Estimation of mineral dust long-wave radiative forcing: sensitivity study to particle properties and application to real cases in the region of Barcelona
- 1RSLab/IEEC-CRAE, Universitat Politècnica de Catalunya, Barcelona, Spain
- 2RSLab, Universitat Politècnica de Catalunya, Barcelona, Spain
- 3Laboratoire d'Aérologie, Université de Toulouse/CNRS, Toulouse, France
- 4Laboratoire d'Optique Atmosphérique, Université Lille 1, Villeneuve d'Ascq, France
- *on leave at: Laboratoire d'Aérologie, Université de Toulouse/CNRS, Toulouse, France
Abstract. The aerosol radiative effect in the long-wave (LW) spectral range is sometimes not taken into account in atmospheric aerosol forcing studies at local scale because the LW aerosol effect is assumed to be negligible. At regional and global scale this effect is partially taken into account: aerosol absorption is taken into account but scattering is still neglected. However, aerosols with strong absorbing and scattering properties in the LW region, like mineral dust, can have a non-negligible radiative effect in the LW spectral range (both at surface and top of the atmosphere) which can counteract their cooling effect occurring in the short-wave spectral range.
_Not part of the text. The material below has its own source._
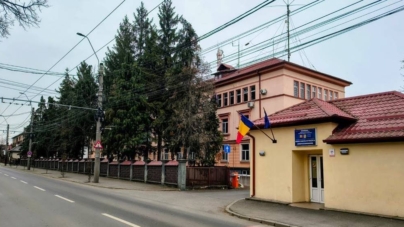 Bărbat aflat în arest, transportat de urgență la spital după o tentativă de sinucidere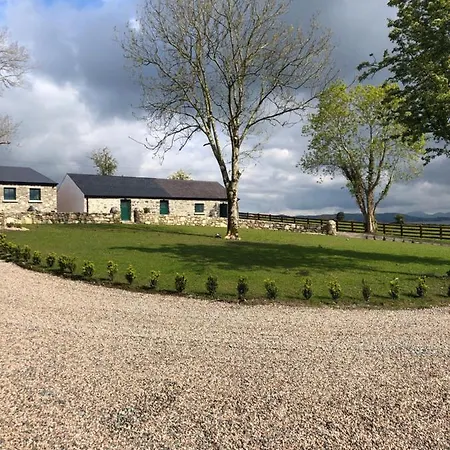 Oakwell Village Camping *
The first objective of this research is to perform a sensitivity study of mineral dust LW radiative forcing (RF) as a function of dust microphysical and optical properties using an accurate radiative transfer model which can compute vertically resolved short-wave and long-wave aerosol RF. Radiative forcing simulations in the LW range have shown an important sensitivity to the following parameters: aerosol load, radius of the coarse mode, refractive index, aerosol vertical distribution, surface temperature and surface albedo. The scattering effect has been estimated to contribute to the LW RF up to 18% at the surface and up to 38% at the top of the atmosphere. The second objective is the estimation of the short-wave and long-wave dust RF for 11 dust outbreaks observed in Barcelona. At the surface, the LW RF varies between +2.8 and +10.2 W m−2, which represents between 11 and 26% (with opposite sign) of the SW component, while at the top of the atmosphere the LW RF varies between +0.6 and +5.8 W m−2, which represents between 6 and 26% (with opposite sign) of the SW component.